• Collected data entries

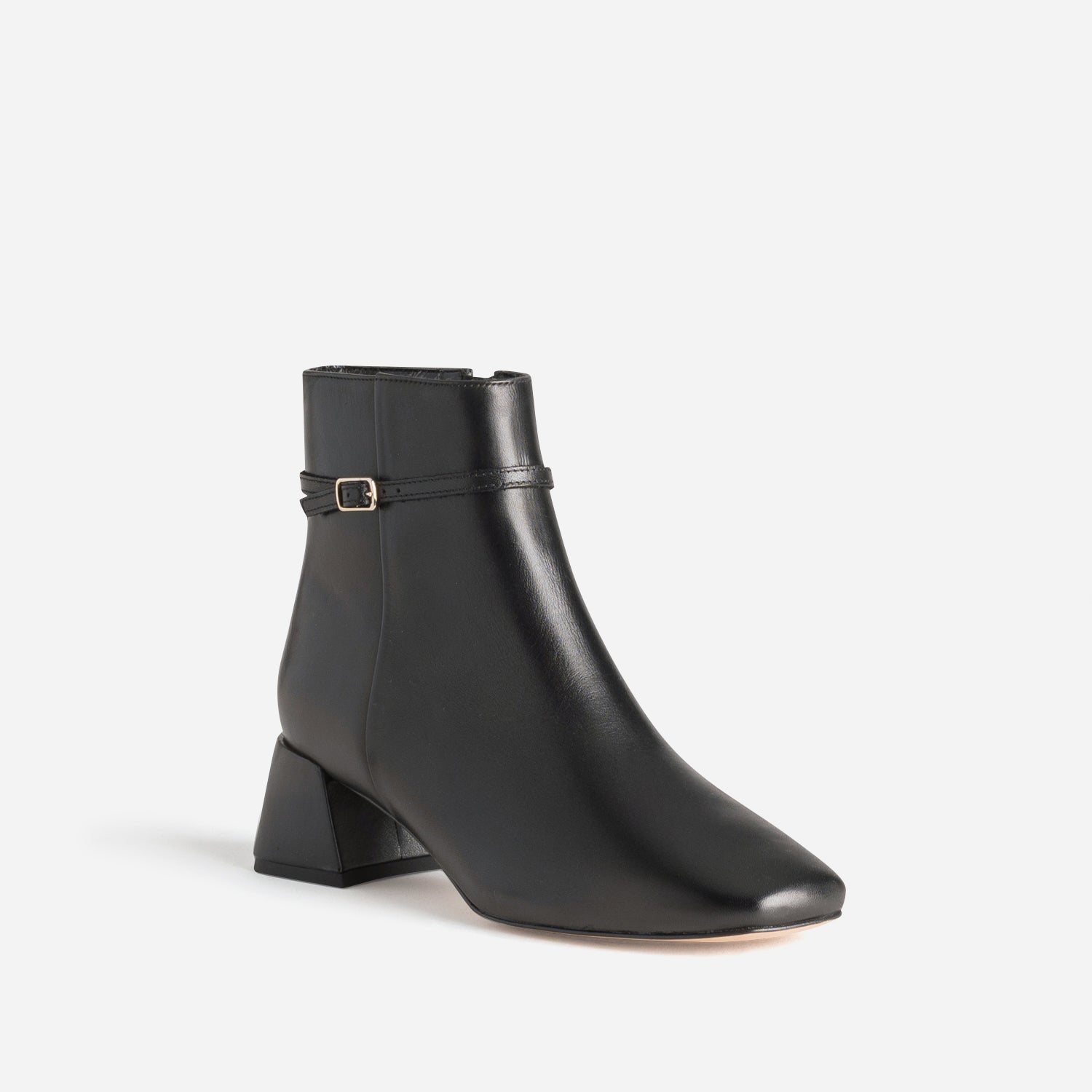 Boots noir cuir fine bride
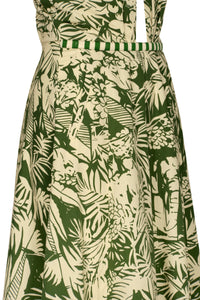 Robe Heritage à nouer au col en coton - Vert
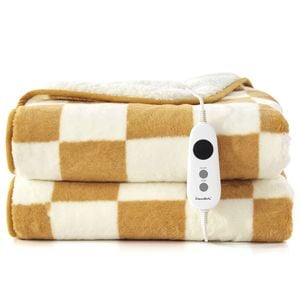 Dreamaker Checkered Plush Reversible Sherpa Washable Electric Heated Throw Blanket Chai & Cream - 180 X 200cm | 9 Heat Settings
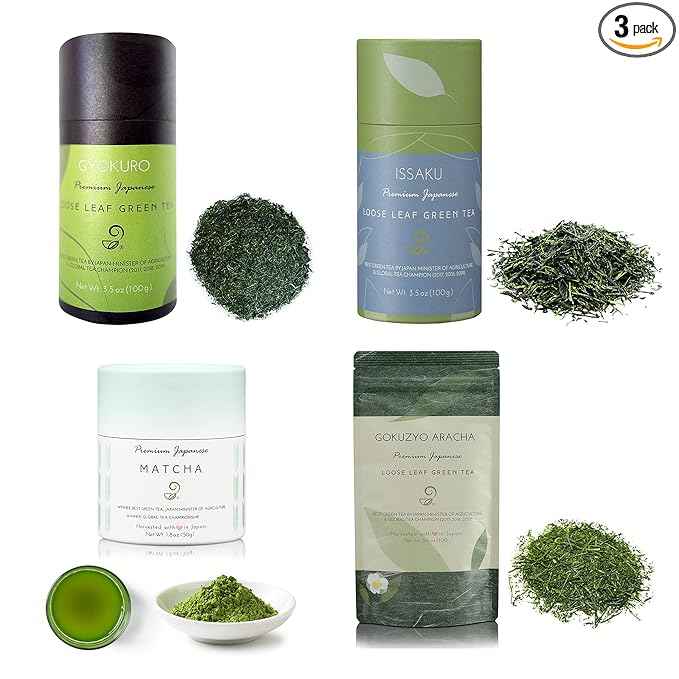 Matcha, Gyokuro, Issaku and Gokuzyo Aracha Tea Assortment from Japanese Green Tea Co - Single Origin All-Natural Japanese Tea Set – Non-GMO, No Sugar – Ideal for Tea Lovers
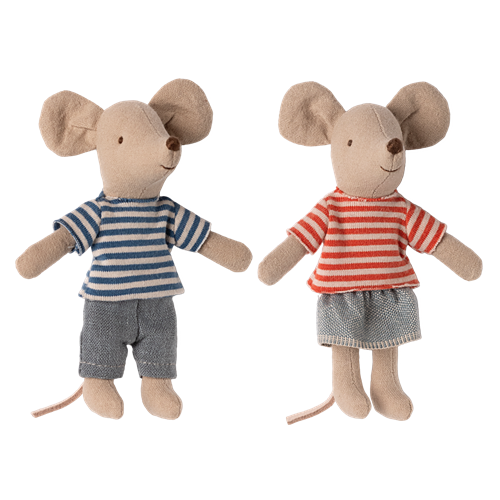 Maileg myszki LouiMax i Stella młodszy brat i młodsza siostra + kartonowy domek 1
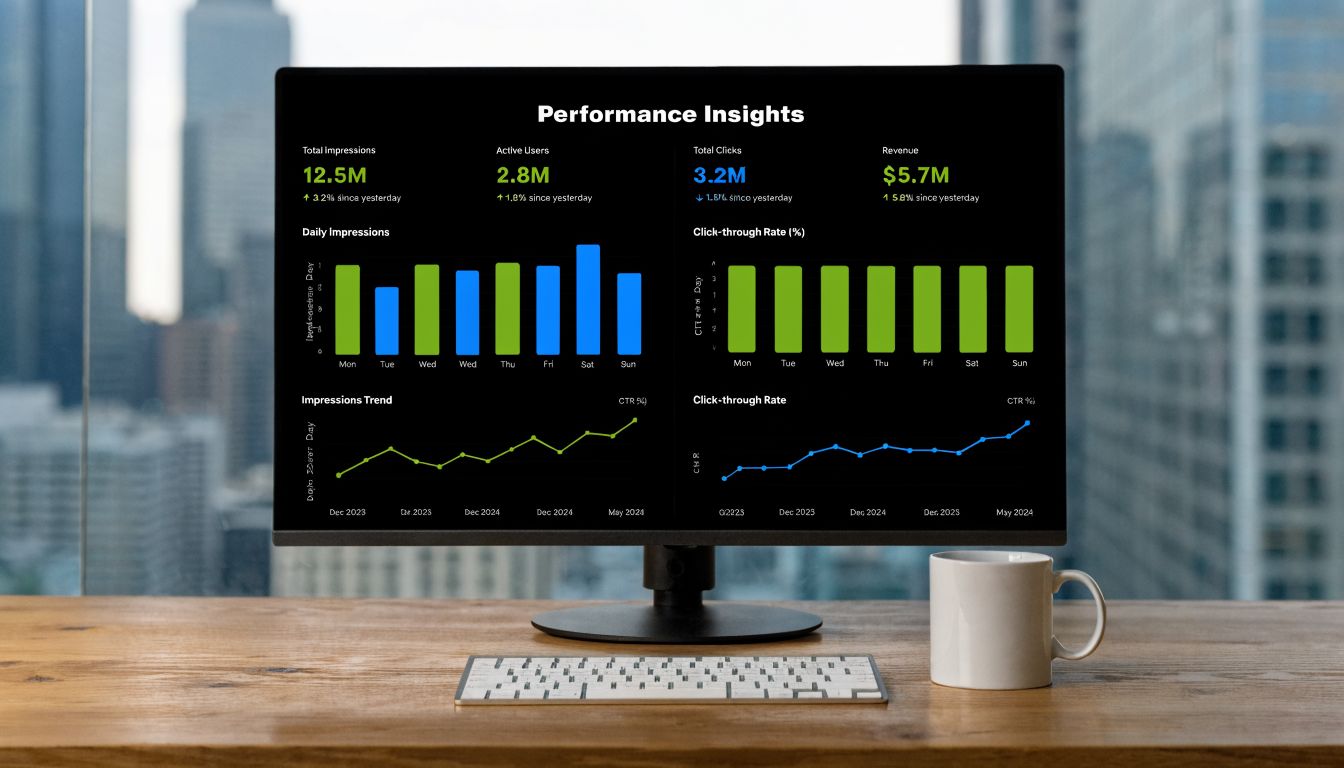 Computer monitor showing a digital dashboard with performance analytics and data charts for advertising insights.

• Aim of the exercise
Could you set down, exactly as written, every line from the one with "Matcha, Gyokuro, Issaku" to the end of the data, both ends included? Leave out the pictures.

• Task answer
 Matcha, Gyokuro, Issaku and Gokuzyo Aracha Tea Assortment from Japanese Green Tea Co - Single Origin All-Natural Japanese Tea Set – Non-GMO, No Sugar – Ideal for Tea Lovers
 Maileg myszki LouiMax i Stella młodszy brat i młodsza siostra + kartonowy domek 1
 Computer monitor showing a digital dashboard with performance analytics and data charts for advertising insights.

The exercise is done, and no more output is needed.